(Records contained in a dataset)
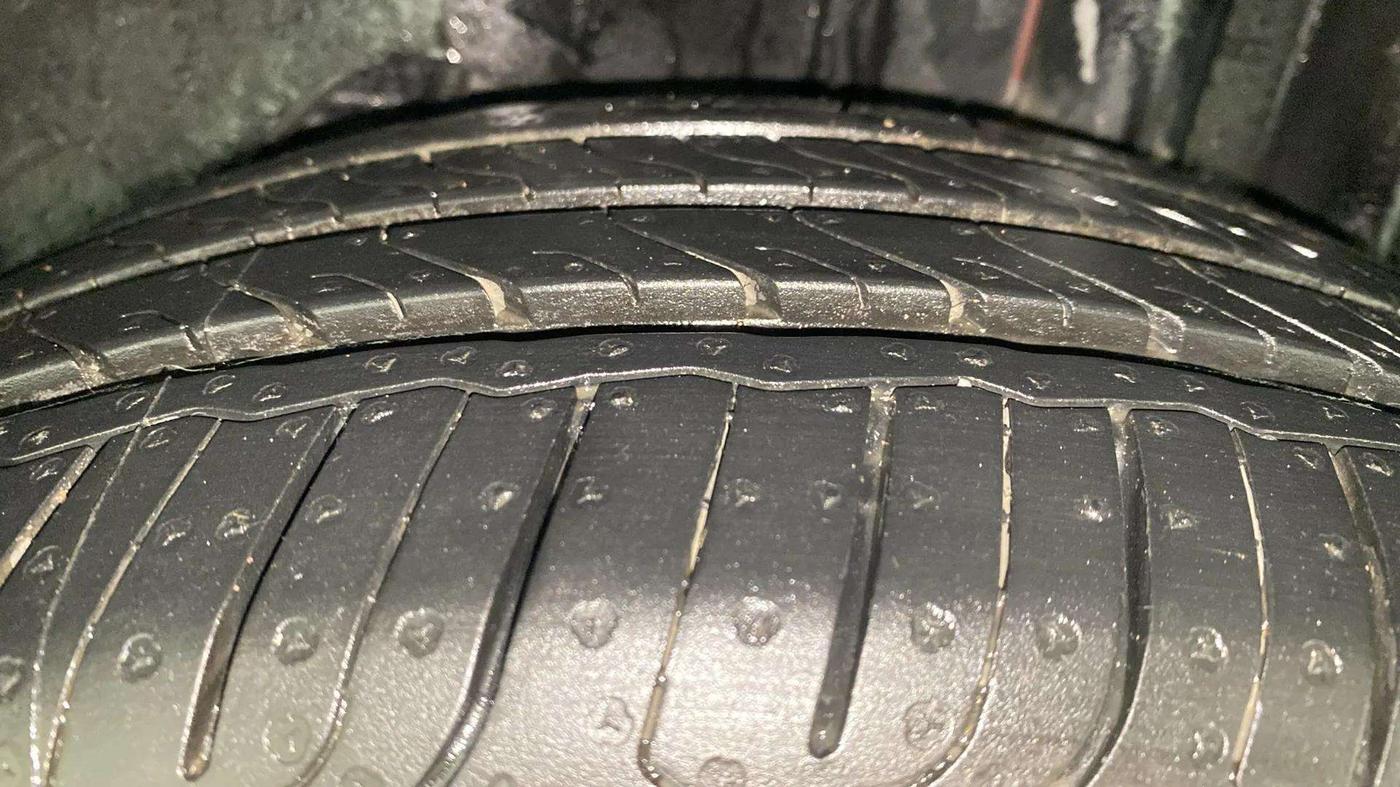 2019 Ford FREESTYLE TITANIUM 1.5 DIESEL, Diesel, Manual, 31,543 km, Left Rear Tyre Tread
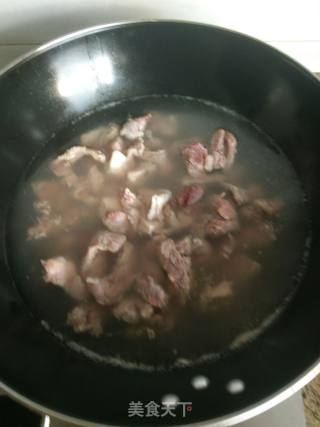 牛肉炖土豆的做法步骤：3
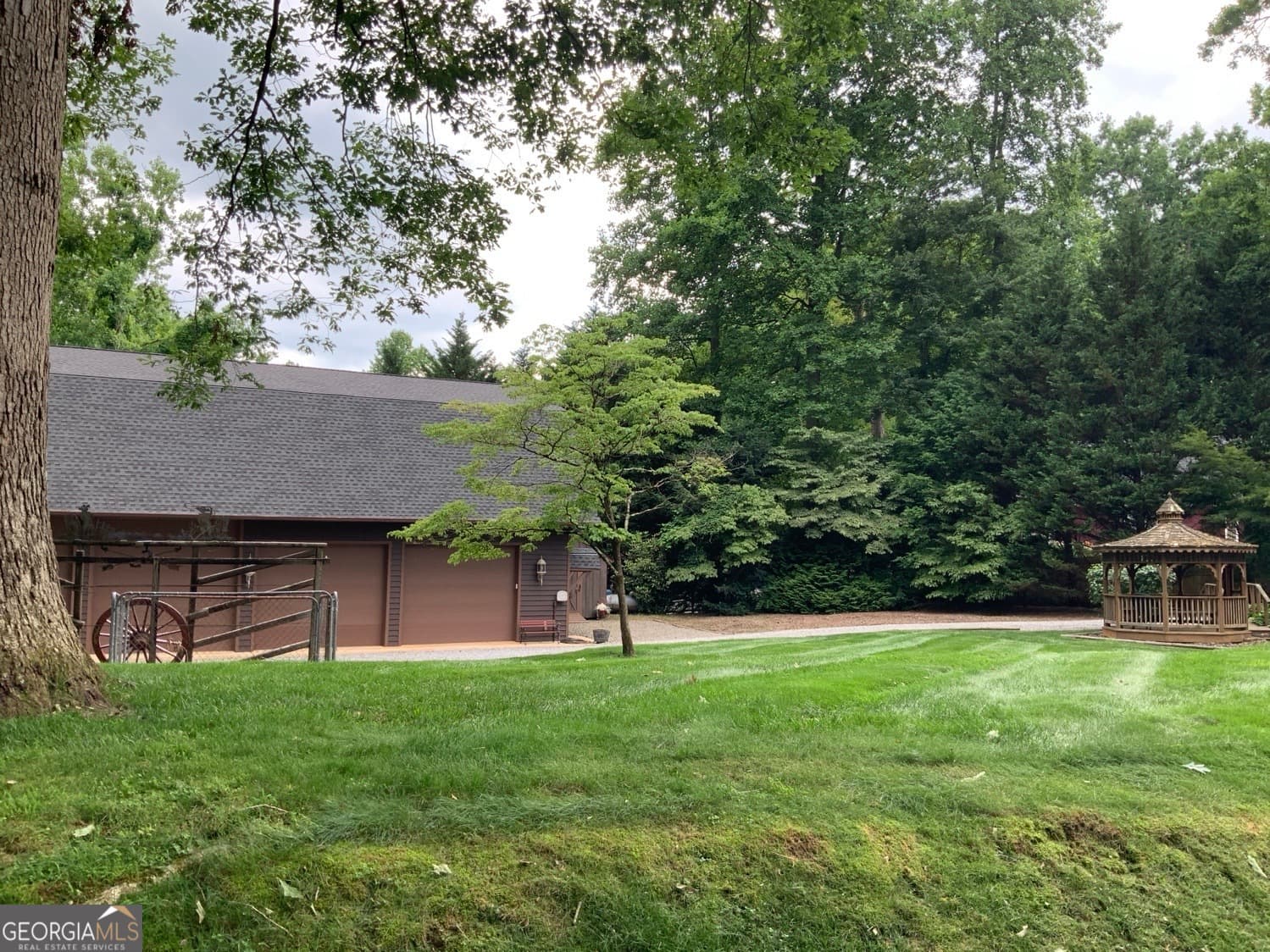 3 bedroom, 3 bathroom, 3,330 sq ft single family residence for sale at 2734 Hidden Valley Road, Hiawassee, GA 30546 — photo 10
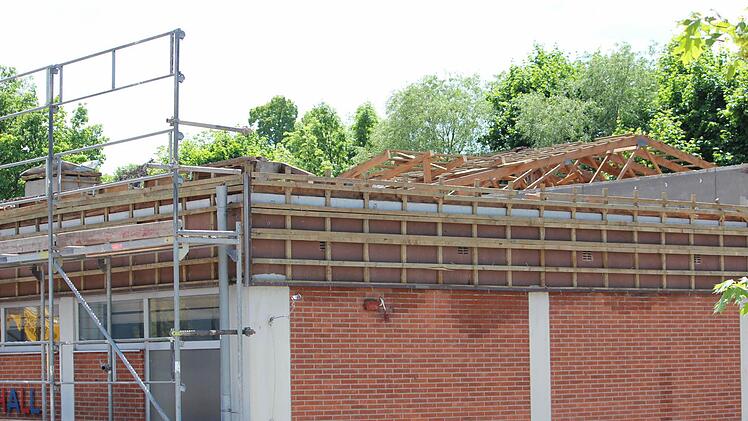 Stück für Stück wird das alte Hallenbad abgerissen.Foto: Kiesewetter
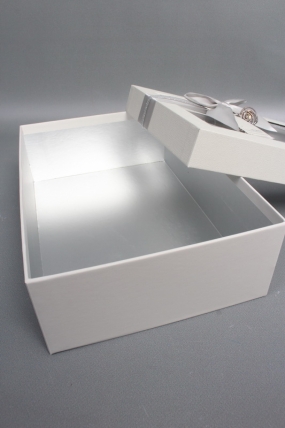 Набор коробок подарочных с бантиком из 3шт -  33,5*25*11,5, 29*21*9, 24,5*17*6,5,  св.серый 6334М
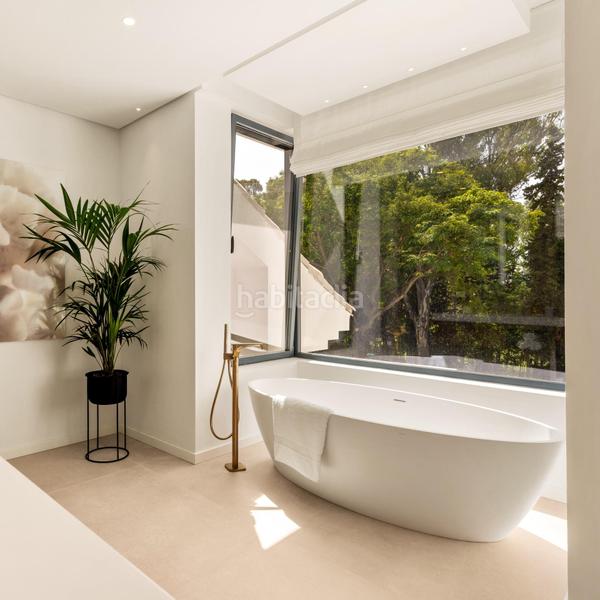 Foto 5110e9a9-877f-41e3-8d0c-5a36feb2d521. Chalet avec chauffage parking piscine dans Paraiso - Barronal Estepona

▶ [Task to complete]
Exact copies of the lines from the one containing "牛肉炖土豆的做法步骤：3" through the final line of the data are required; pictures are to be omitted.

▶ [Finished task]
 牛肉炖土豆的做法步骤：3
 3 bedroom, 3 bathroom, 3,330 sq ft single family residence for sale at 2734 Hidden Valley Road, Hiawassee, GA 30546 — photo 10
 Stück für Stück wird das alte Hallenbad abgerissen.Foto: Kiesewetter
 Набор коробок подарочных с бантиком из 3шт -  33,5*25*11,5, 29*21*9, 24,5*17*6,5,  св.серый 6334М
 Foto 5110e9a9-877f-41e3-8d0c-5a36feb2d521. Chalet avec chauffage parking piscine dans Paraiso - Barronal Estepona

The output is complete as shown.